↓↓↓
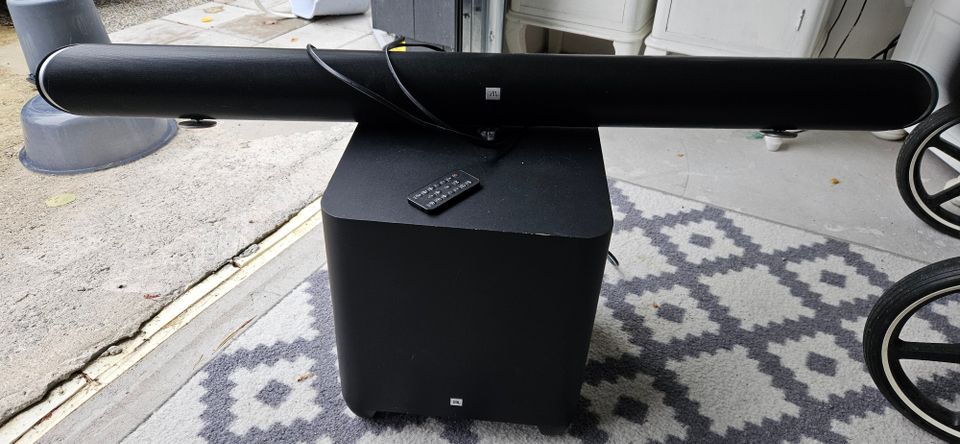 JBL Sb450 soundbar-äänijärjestelmä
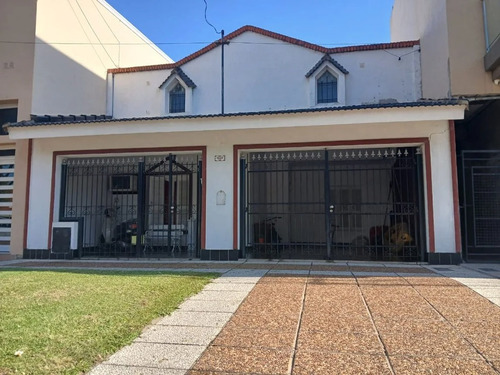 Excelente Casa Familiar Con Gran Patio Y Pileta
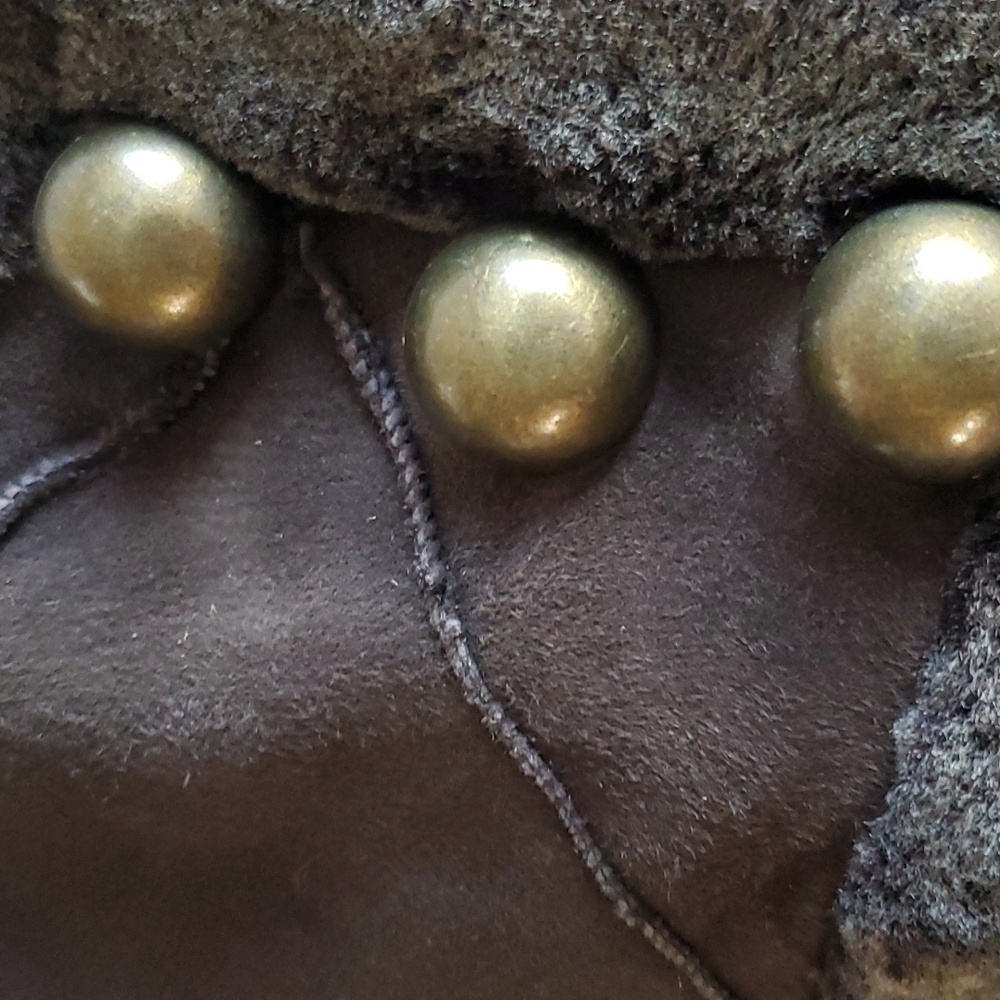 EUC Vintage 90's Betsey Johnson Reversible Sheepskin Vest with Keychain / Charm - Picture 13 of 14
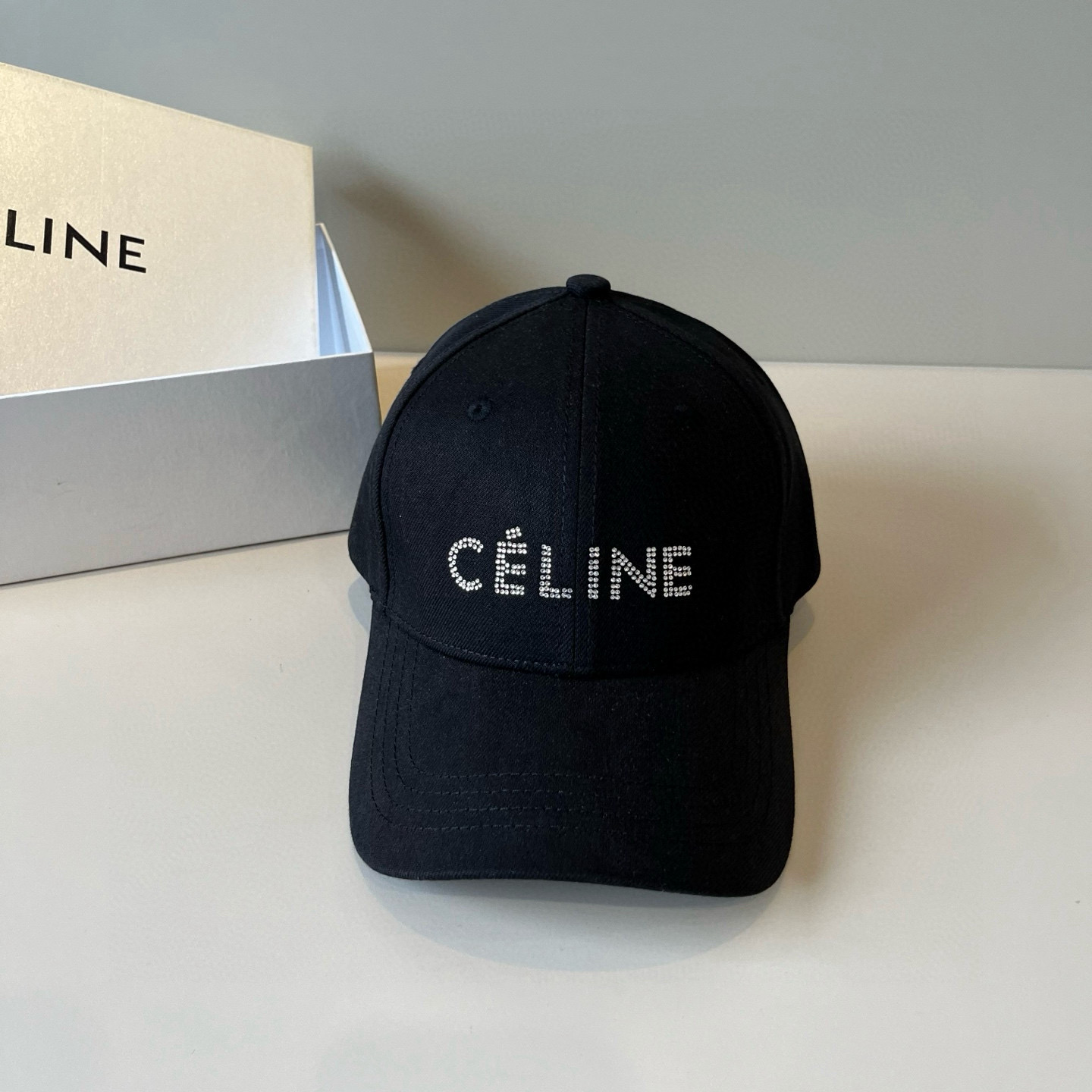 【CELINE赛琳】新款经典休闲潮流款 棒球帽🧢日韩风格，随便搭配都超好看！出门旅游，绝对要入手的一款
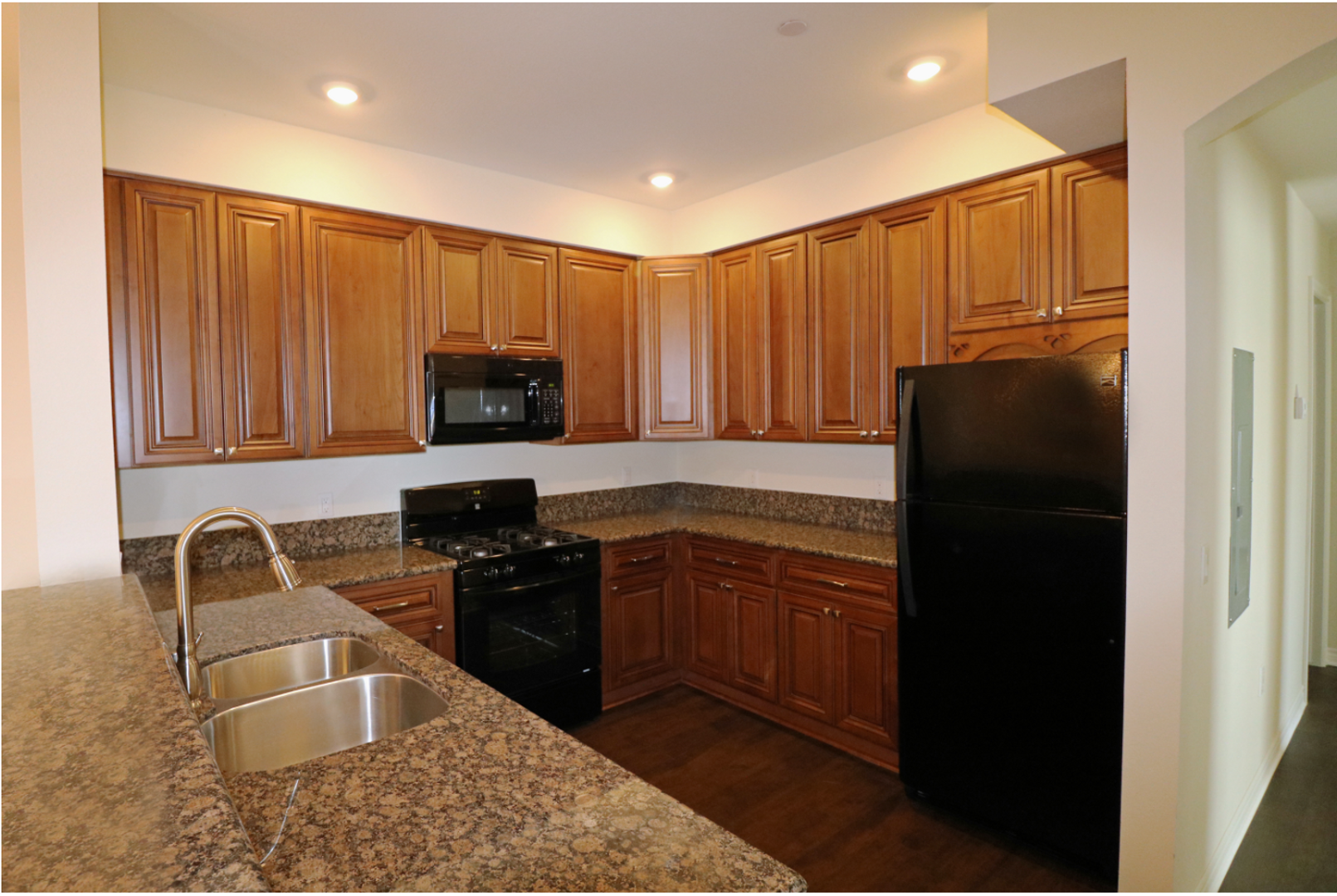 Rialto Apartment: 606 S. Riverside Ave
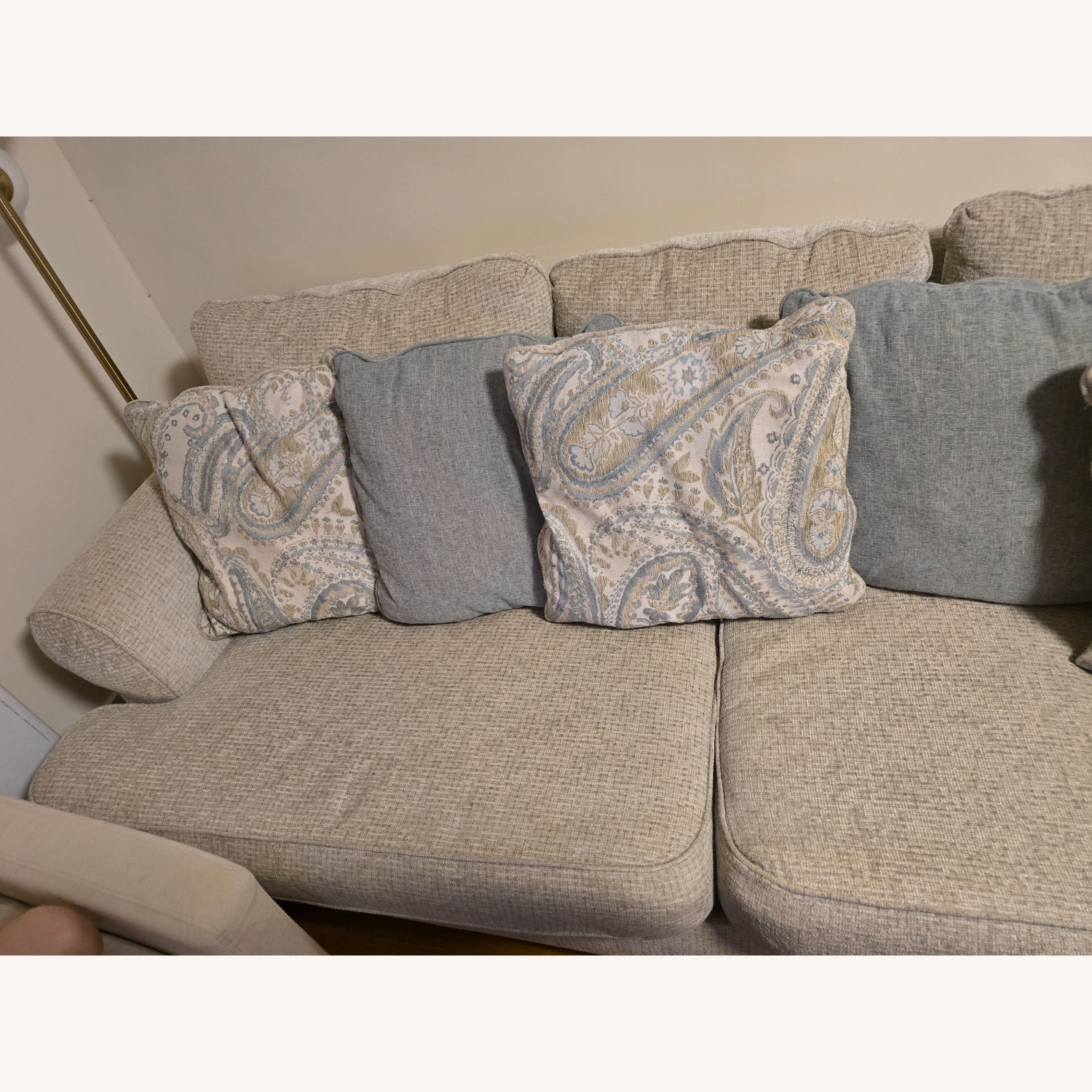 Ashley Furniture Monaghan 3 Seater Sofa - image-5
↑↑↑
Could every entry above be printed again exactly, images excluded?

 JBL Sb450 soundbar-äänijärjestelmä
 Excelente Casa Familiar Con Gran Patio Y Pileta
 EUC Vintage 90's Betsey Johnson Reversible Sheepskin Vest with Keychain / Charm - Picture 13 of 14
 【CELINE赛琳】新款经典休闲潮流款 棒球帽🧢日韩风格，随便搭配都超好看！出门旅游，绝对要入手的一款
 Rialto Apartment: 606 S. Riverside Ave
 Ashley Furniture Monaghan 3 Seater Sofa - image-5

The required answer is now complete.